McIntosh returned to his plantation to find it ruined by the occupying British. McIntosh tried to restore his property and business interests, but he would spend the rest of his life in relative poverty. He was elected to the Continental Congress in 1784, but never attended. In 1785, he was appointed a commissioner to treat with the southern American Indian tribes. In 1787, he was asked to help settle a boundary dispute between Georgia and South Carolina. In 1789, Lachlan was the replacement candidate by President Washington after the rejection of Benjamin Fishbourn's nomination to a federal position in Georgia was rejection under Senatorial courtesy, setting precedence and being the first instance of a Presidential nominee to a federal position being rejected. McIntosh was an original member of the Society of the Cincinnati and in 1791 he was part of the delegation that officially welcomed President George Washington to Georgia.
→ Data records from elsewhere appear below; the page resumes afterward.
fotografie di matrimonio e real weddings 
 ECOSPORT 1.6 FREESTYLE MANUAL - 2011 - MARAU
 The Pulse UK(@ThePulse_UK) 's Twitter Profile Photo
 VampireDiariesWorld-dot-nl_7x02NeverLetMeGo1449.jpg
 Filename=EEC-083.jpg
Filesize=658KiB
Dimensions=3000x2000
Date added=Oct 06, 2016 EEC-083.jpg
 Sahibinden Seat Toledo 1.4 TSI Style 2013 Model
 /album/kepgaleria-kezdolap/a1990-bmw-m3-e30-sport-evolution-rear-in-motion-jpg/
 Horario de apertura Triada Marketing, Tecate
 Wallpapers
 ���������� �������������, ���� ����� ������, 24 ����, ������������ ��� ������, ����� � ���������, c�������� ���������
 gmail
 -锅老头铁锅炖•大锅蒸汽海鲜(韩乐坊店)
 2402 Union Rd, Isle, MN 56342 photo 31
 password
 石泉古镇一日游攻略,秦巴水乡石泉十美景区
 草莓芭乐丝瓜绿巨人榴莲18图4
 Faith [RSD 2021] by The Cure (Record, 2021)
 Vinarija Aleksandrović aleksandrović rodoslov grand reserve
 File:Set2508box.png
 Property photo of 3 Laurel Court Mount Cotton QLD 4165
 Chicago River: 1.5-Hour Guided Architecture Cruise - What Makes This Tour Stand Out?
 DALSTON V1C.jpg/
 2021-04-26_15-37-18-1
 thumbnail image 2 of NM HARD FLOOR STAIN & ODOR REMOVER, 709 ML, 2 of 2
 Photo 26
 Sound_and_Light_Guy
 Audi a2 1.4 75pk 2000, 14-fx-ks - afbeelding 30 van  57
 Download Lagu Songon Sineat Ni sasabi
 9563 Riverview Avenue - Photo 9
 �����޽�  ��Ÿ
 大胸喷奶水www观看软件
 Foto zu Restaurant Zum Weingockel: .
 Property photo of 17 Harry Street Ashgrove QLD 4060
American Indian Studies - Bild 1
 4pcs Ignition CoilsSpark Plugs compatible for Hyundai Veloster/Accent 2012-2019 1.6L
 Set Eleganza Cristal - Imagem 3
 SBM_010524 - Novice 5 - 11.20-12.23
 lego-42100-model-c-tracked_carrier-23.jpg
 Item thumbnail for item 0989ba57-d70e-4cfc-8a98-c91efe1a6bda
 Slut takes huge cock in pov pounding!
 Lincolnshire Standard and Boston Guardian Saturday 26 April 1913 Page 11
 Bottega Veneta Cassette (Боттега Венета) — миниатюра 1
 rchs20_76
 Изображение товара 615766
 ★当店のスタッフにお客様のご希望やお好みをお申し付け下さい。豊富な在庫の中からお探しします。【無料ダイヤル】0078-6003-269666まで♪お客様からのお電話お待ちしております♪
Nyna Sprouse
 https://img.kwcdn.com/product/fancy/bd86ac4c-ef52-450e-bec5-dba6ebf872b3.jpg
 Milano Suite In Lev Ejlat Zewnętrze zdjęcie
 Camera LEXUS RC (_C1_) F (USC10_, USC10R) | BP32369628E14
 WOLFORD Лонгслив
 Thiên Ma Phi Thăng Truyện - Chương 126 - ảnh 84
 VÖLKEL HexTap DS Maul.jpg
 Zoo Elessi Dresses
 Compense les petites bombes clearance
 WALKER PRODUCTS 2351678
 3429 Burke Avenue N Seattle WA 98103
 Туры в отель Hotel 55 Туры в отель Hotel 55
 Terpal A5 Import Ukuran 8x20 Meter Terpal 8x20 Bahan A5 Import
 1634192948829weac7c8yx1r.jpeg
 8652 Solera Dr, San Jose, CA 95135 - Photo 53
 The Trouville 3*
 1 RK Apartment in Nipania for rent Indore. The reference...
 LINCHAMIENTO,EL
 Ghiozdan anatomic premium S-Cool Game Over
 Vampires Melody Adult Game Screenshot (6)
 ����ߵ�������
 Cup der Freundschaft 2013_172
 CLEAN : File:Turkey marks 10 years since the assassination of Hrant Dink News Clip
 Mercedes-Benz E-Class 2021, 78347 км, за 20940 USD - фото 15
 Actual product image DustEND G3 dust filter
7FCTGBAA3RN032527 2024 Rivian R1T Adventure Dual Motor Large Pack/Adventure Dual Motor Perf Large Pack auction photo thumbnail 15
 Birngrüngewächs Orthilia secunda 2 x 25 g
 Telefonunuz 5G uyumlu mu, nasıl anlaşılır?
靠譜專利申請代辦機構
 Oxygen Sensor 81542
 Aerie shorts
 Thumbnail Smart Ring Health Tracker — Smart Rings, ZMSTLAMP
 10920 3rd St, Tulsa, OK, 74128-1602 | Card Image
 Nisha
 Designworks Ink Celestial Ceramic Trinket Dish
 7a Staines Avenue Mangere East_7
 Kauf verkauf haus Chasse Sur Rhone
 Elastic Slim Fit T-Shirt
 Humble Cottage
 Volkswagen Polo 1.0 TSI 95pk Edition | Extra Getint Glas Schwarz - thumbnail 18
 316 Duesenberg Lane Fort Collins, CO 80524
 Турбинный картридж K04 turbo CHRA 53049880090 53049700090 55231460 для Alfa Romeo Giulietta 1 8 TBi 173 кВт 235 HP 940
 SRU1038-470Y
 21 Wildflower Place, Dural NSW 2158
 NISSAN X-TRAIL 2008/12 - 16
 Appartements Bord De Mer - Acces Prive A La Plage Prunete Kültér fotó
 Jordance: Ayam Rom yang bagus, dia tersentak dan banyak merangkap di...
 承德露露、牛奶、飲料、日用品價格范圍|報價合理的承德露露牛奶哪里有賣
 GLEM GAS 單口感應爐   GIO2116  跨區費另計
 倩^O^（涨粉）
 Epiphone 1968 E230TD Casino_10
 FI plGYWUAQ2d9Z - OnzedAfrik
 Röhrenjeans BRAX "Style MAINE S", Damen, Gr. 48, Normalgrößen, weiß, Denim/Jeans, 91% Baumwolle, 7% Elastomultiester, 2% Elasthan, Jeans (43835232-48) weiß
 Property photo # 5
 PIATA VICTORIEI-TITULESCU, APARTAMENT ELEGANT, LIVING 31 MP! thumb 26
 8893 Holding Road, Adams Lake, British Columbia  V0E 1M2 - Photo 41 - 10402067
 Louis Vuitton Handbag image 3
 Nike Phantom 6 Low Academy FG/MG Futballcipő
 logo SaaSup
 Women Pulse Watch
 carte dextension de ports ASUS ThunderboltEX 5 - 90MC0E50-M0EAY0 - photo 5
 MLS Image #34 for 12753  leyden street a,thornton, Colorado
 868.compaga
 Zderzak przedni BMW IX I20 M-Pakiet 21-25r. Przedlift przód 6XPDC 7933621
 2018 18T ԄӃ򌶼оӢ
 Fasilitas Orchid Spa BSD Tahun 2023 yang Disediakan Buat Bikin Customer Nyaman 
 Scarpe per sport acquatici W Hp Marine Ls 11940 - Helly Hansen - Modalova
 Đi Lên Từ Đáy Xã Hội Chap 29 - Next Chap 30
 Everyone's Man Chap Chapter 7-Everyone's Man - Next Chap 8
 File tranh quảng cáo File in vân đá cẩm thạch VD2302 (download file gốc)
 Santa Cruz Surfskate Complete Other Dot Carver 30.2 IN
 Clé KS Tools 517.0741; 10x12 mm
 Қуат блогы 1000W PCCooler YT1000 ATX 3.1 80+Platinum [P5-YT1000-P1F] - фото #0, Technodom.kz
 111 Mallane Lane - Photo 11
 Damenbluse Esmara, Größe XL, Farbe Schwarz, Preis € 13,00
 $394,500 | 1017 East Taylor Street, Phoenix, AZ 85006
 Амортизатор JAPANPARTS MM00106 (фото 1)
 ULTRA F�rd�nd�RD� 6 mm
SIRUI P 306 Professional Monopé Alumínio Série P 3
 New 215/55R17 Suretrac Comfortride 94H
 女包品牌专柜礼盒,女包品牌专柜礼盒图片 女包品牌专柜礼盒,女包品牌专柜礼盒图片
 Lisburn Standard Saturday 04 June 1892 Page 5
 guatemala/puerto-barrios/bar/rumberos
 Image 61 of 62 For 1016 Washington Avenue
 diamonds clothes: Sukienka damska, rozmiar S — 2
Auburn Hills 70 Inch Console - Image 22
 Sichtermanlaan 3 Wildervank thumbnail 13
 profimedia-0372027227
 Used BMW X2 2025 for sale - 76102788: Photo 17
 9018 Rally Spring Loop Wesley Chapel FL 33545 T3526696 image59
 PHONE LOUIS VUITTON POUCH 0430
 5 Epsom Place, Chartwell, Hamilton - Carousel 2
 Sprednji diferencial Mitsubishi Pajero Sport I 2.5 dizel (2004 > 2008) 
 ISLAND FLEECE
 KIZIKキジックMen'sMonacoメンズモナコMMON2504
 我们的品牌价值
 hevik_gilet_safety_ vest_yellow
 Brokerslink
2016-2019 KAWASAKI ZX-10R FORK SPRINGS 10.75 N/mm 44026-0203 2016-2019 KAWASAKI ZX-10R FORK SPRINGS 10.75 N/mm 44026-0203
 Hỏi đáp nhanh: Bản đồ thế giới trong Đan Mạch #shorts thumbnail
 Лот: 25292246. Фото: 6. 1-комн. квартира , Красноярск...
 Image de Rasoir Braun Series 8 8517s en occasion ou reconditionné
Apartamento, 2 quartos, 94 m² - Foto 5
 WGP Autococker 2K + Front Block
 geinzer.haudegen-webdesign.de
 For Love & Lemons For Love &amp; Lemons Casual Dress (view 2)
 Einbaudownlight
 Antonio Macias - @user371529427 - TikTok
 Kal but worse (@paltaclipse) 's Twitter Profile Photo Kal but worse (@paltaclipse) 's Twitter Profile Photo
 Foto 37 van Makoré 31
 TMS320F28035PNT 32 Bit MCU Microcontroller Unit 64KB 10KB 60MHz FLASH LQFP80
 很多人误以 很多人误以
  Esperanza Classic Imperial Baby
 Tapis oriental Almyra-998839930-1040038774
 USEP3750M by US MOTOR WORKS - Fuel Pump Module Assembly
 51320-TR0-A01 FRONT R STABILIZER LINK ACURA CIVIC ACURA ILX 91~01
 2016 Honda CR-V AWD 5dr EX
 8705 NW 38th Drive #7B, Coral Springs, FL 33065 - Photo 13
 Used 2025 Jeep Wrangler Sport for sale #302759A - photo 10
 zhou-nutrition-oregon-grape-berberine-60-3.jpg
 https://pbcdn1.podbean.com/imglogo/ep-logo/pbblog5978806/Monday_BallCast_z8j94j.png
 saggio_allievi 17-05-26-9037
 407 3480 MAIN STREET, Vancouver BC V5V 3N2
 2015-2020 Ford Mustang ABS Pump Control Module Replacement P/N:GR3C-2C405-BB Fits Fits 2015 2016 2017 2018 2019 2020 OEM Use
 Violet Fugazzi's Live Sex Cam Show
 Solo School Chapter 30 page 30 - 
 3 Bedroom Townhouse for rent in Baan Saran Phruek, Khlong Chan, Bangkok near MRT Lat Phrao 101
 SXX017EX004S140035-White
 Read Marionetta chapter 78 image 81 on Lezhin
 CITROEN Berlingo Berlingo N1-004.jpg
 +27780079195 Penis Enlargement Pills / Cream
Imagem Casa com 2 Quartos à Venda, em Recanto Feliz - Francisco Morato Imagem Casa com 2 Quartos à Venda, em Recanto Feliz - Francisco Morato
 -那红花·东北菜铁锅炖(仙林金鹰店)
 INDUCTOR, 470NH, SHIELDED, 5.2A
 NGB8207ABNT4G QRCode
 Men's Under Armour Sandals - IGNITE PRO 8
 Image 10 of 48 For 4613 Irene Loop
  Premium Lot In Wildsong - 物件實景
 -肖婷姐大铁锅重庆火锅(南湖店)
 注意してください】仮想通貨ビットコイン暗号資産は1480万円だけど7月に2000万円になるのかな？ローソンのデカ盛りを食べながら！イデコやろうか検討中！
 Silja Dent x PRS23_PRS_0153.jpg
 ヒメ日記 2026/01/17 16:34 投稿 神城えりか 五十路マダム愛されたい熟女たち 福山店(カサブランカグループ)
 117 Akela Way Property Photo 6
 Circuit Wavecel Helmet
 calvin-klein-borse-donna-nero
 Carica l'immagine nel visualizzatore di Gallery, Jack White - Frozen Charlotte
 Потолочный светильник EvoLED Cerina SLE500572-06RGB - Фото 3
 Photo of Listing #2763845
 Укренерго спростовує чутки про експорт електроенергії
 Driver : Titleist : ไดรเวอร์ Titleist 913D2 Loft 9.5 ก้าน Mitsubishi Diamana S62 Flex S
McIntosh died in Savannah, Georgia, on February 20, 1806.

McIntosh is buried alongside his great-nephew Colonel James S. McIntosh (1784–1847) at Colonial Park Cemetery in Savannah's historic district. His great-great-nephews, James M. McIntosh and John Baillie McIntosh, were generals on opposite sides in the American Civil War.

==Legacy and honors==
- The state of Georgia named McIntosh County in honor of his family. (The state also has a county named for Button Gwinnett, the man he killed in a duel.)